Дошли до Югославии, перешли границу. Здесь нас люди встречали с особенной теплотой и радостью. Белград сильно бомбили. Немцы решили взорвать железнодорожный мост через реку Драва, но наши войска вместе с партизанами взорвать не дали, были упорные бои. Здесь мы уже воевали на чужой территории и не с таким рвением.

Участвовал в боях на озере Балатон (Венгрия). Здесь бои были очень тяжелыми. Я был отозван в знаменный взвод полка (я был ассистентом). Утащили знамя на кулацкой даче (у знамени можно только стоять). Я после этого прощался с жизнью. Командир видел, как я был измотан и уснул. Он решил меня проучить и спрятал знамя. Меня не наказали. На чужой территории воевать было легче, но гибло наших людей все равно очень много.

Из Венгрии в Австрию шли с боями, но я уже здесь в атаку не ходил, а был на переднем крае, там где штаб полка. В Австрии, в Вильдоне, я узнал, что кончилась война.

Радость! Радость! Радость! Но подробностей не помню. Австрийцы к нам относились плохо. В Австрии я был недолго. Меня, как заслуженного ветерана 73-й Гвардейской Сталинградско-Дунайской дивизии выдвинули на Парад Победы в Москву 24 июня 1945 г. Я смотрел кино в лагере, меня вызвал дежурный по части и сказал, что мне в штаб полка. Я пришел в штаб, и меня направили на курсы младших офицеров. Я отказался, так как война кончилась. Меня направили на Парад Победы. Мне дали новую форму, привезли в штаб дивизии, а затем в корпус. Командир корпуса генерал-лейтенант Козак (очень хороший), а потом в армию (Гаген). Конечный пункт сбора III Украинского фронта был в Венгрии в г. Сомбатхей. Нужно было от фронта только 400 человек, было много кандидатов, и поэтому маршал Советского Союза Толбухин Ф. И. делал отбор.

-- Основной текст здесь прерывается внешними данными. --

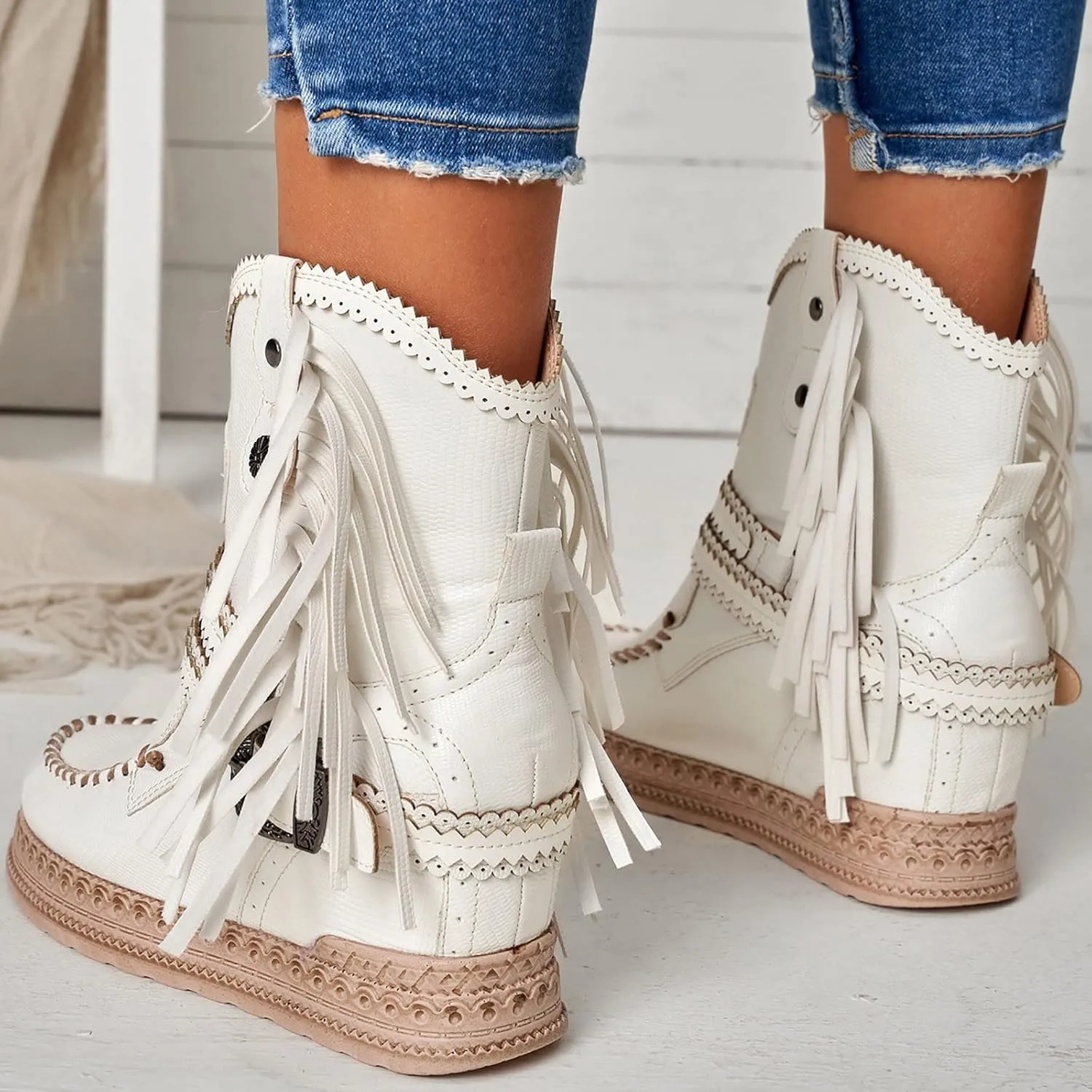 Eduavar Cowboy Boots for Women Cowboy Style, Western Boots Women Tassel Boots Western Ankle Booties Square Toe Platform Boots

По Венгрии и Чехословакии мы ехали в товарном вагоне, а в Чехословакии нас посадили в санитарный поезд. В Москву приехали усталые, но счастливые. В Москве нам дали трехдневное увольнение. Прошел слух, что москвичей будут отпускать в увольнение ‒ и все оказались москвичами. Пришлось всем дать увольнение. Я вместе с Володей Горбуновым поменял деньги, и мы поехали в Химки искать двоюродного брата Мокеева Александра Яковлевича. Была дома только Соня, она позвонила Саше, и он сразу же пошел домой. Саша тоже, как и я, работал на заводе в Нижнем Тагиле, после войны завод перевели в Москву ‒ так брат с семьей оказался в Химках.
В это время я познакомился с Лидой <будущая жена ‒ авт>. Она ехала в трамвае, а мы спросили, как проехать, разговорились и познакомились.

После трех дней мы приступили к подготовке к параду. Воевать умели, а ходить парадным шагом не умели. Нас повели в баню и дали все новое, вплоть до нижнего белья. В казармах чисто, койки чистые, есть где умыться, кормили вовремя. Мы оказались как в раю. За день до парада нас, участников всех фронтов, собрали на аэродроме во Внуково (репетиция), и вот 24 июня наступил день парада. Меня выделили линейным от 3-го Украинского фронта. Погода была скверная, шел дождь. Нам дали водки, чтобы мы не замерзли. Я провел целую ночь на площади, занял место для 3-го Украинского сводного полка.

Мы стояли чуть левее Мавзолея, ближе к собору Василия Блаженного. В назначенное время все было готово. Рокоссовский разъезжал по площади на белом коне, адъютанты были на черных конях. Со Спасских ворот выехал Жуков, объехал весь строй и поздравлял с победой и с окончанием войны. Минуты были торжественными. Потом он, объехав всех, поднялся на Мавзолей и произнес речь. Потом дали команду, кому, как и куда идти. Мы пошли к Москве-реке. Шли строем по 20 человек. Был выделен полк, который нес поверженные знамена и бросал их к подножью Мавзолея.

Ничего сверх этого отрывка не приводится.